Operation-level statistics will still be collected over the operations sent by the client, and those operations will be validated as part of the `service:check` validation workflow.


## Validating changes to the graph

Federation allows teams to work independently on federated services without needing to coordinate over an all-encompassing schema. However, this increase in autonomy requires control to ensure that teams that operate on different services are respecting [defined dependencies](https://www.apollographql.com/docs/apollo-server/federation/federation-spec/) and not breaking the ability for the graph to compose. The Apollo platform provides tools to help ensure that this increase in autonomy doesn't come at a cost to stability.

In particular, along with [validating overall schema changes against known operations](https://www.apollographql.com/docs/platform/schema-validation/), running `apollo service:check` for a federated service will ensure that the overall graph still composes to a valid schema, and will output any violated dependencies if present.

With a federated graph, use the `apollo service:check` command to validate individual service changes by adding the `--serviceName` flag.

When running `apollo service:check` on a federated service, Engine will run composition on the proposed capabilities with the current list of federated services and their capabilities, making sure that the composition is successful. That composed schema will then be diff'ed against the most recently registered schema and validate that those changes are safe. If composition fails, then validation ends and the results will be returned to the user. Note that running `apollo service:check` will never update the graph.

There are two types of failures that can occur during validation: failed usage checks and failed composition. Failed usage checks are failures due to breaking changes, like removing a field that an active client is querying. Failed composition, on the other hand, is a failure due to inability to compose the graph, like missing an @key for an extended type.

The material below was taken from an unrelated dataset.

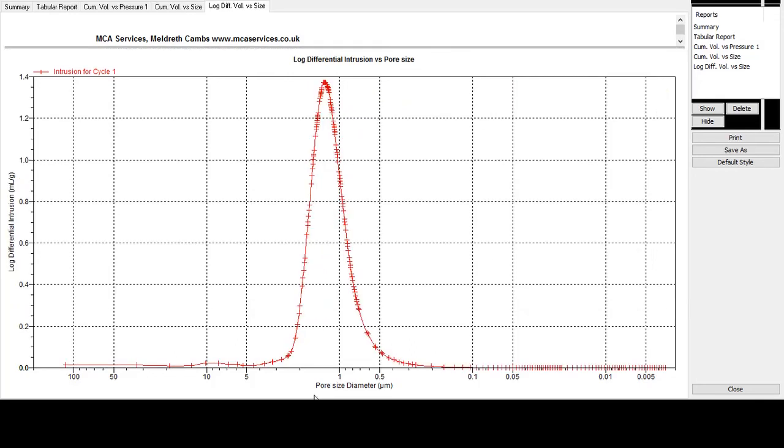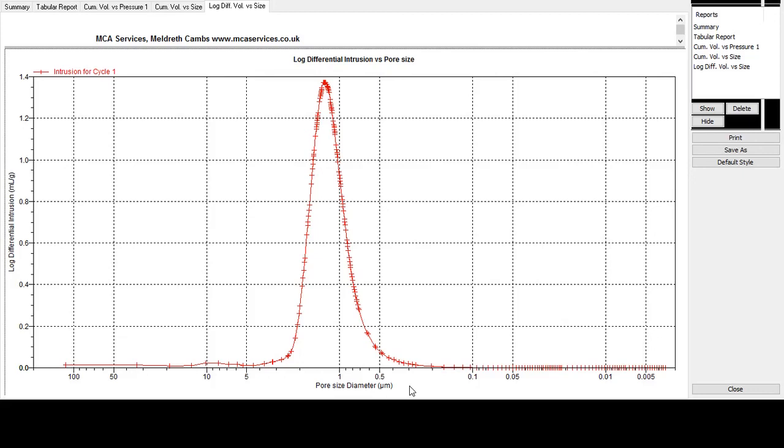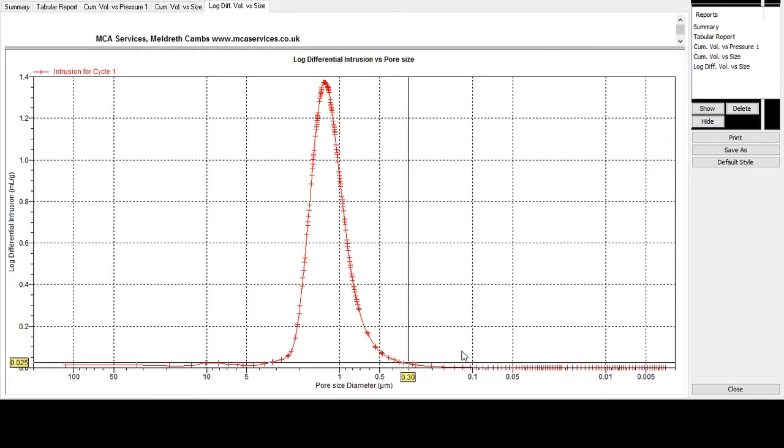Pore size now is on a logarithmic scale. And this is really useful for visualizing the pore size distribution within the sample. We can see that the big peak here shows the distribution of pores, and they're starting at around about 5 microns down here and running up to or down to 0.3 microns diameter. And this peak is centered at 1.3 microns.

### Handling composition failure

In general, an `apollo service:push` should only be run after an `apollo service:check` has passed, but even so, due to changes in _other_ services, it's possible that the `apollo service:push` command will encounter composition errors. When this happens, the federated service will still be updated as long as its capabilities are spec-compliant, but **the graph will not be updated**. This means that a new schema will not be associated nor will the gateway's [managed configuration](#managed-configuration) be updated.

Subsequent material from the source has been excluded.